----- PROVIDED DATA -----

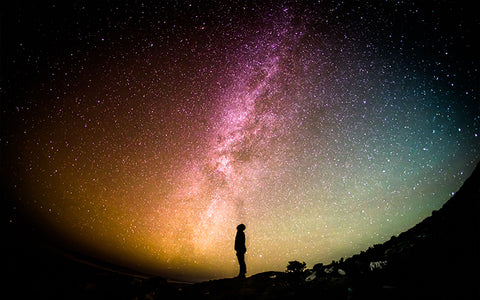 Space Trivia! How many of these space facts do you know?
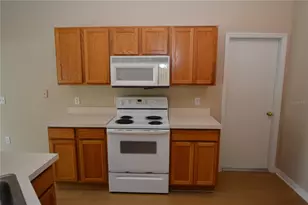 5 Kathleen Trail, Palm Coast, FL 32164 - Photo 12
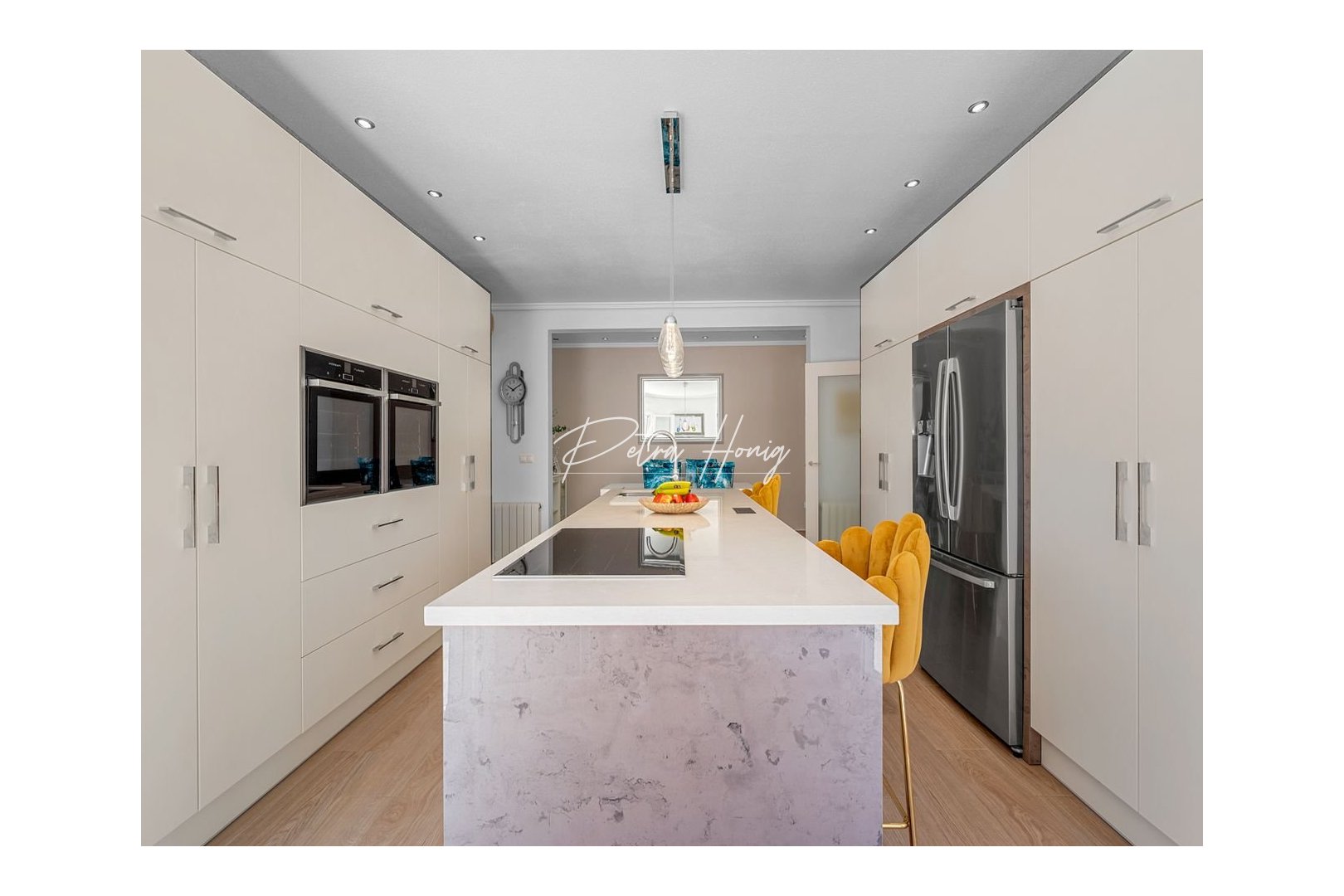 Resales - Villa - Ciudad Quesada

-----

Restate every line of the listing exactly. Pictures are not part of the copy.

- _ANSWER SECTION_:
 Space Trivia! How many of these space facts do you know?
 5 Kathleen Trail, Palm Coast, FL 32164 - Photo 12
 Resales - Villa - Ciudad Quesada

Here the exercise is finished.